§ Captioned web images
···

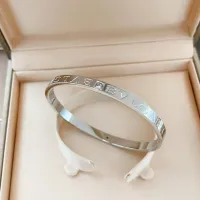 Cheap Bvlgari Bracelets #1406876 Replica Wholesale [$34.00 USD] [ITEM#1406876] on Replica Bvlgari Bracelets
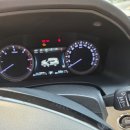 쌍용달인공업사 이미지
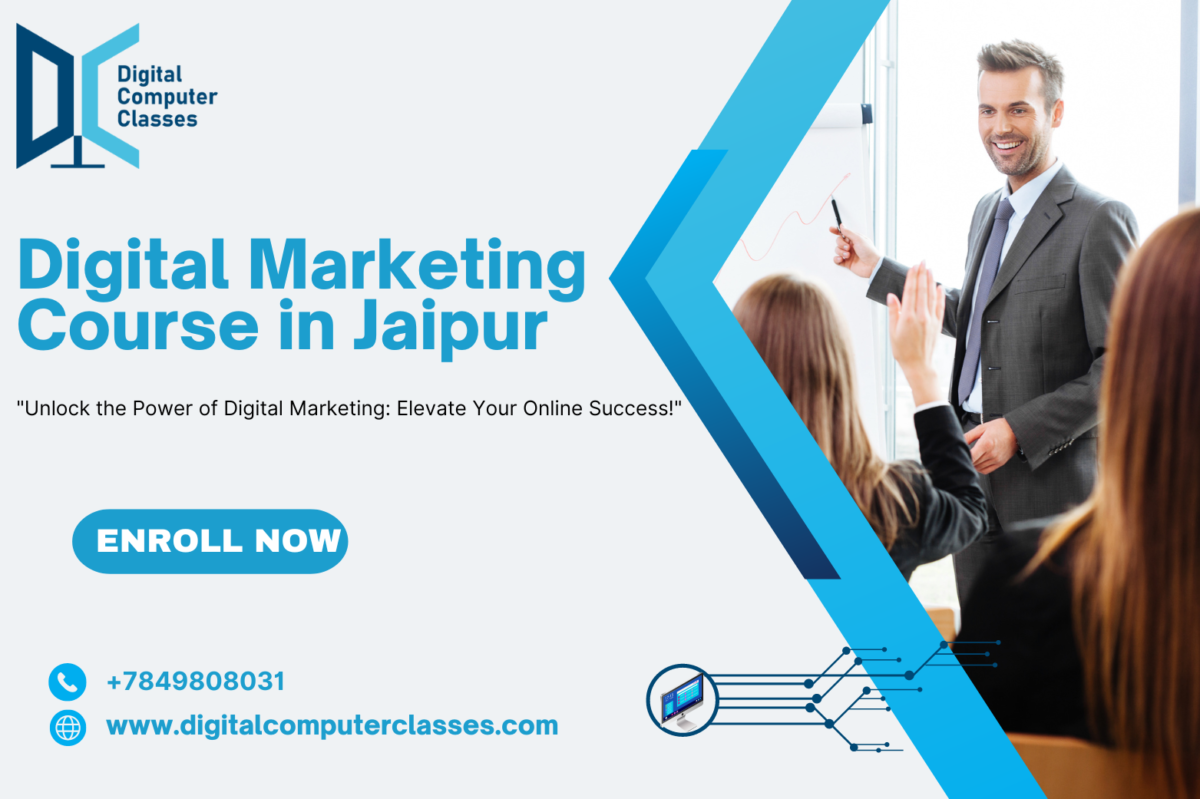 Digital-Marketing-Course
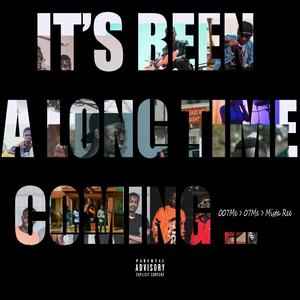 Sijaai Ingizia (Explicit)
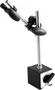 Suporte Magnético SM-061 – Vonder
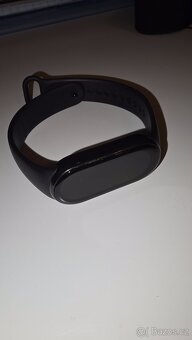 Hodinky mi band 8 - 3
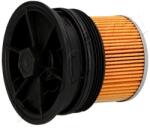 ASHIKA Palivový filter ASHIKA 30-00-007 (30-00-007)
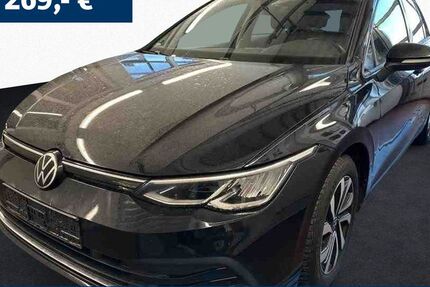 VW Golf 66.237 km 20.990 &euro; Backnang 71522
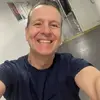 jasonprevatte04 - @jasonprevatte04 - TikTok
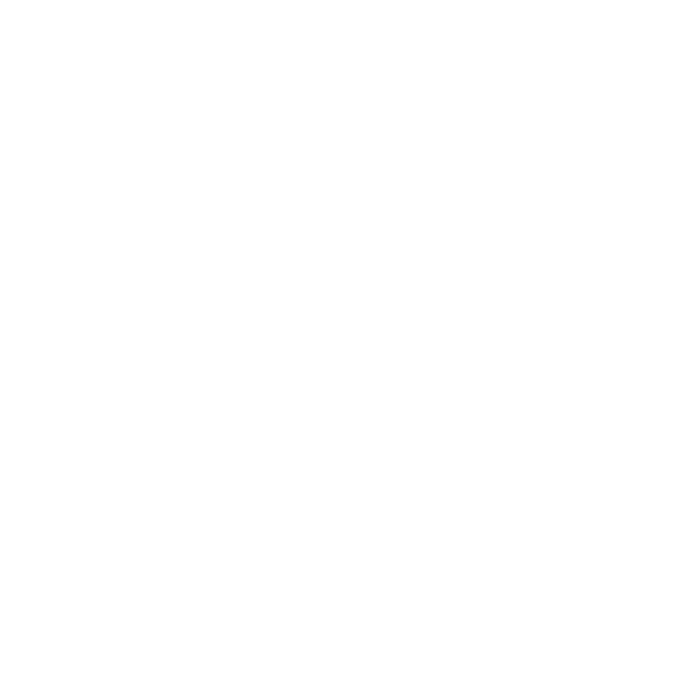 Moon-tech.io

···

Print the lines from the one that contains "쌍용달인공업사 이미지" through the last line of the data, exactly and in full, and no other lines. Pictures are not part of the copy.

 쌍용달인공업사 이미지
 Digital-Marketing-Course
 Sijaai Ingizia (Explicit)
 Suporte Magnético SM-061 – Vonder
 Hodinky mi band 8 - 3
 ASHIKA Palivový filter ASHIKA 30-00-007 (30-00-007)
 VW Golf 66.237 km 20.990 &euro; Backnang 71522
 jasonprevatte04 - @jasonprevatte04 - TikTok
 Moon-tech.io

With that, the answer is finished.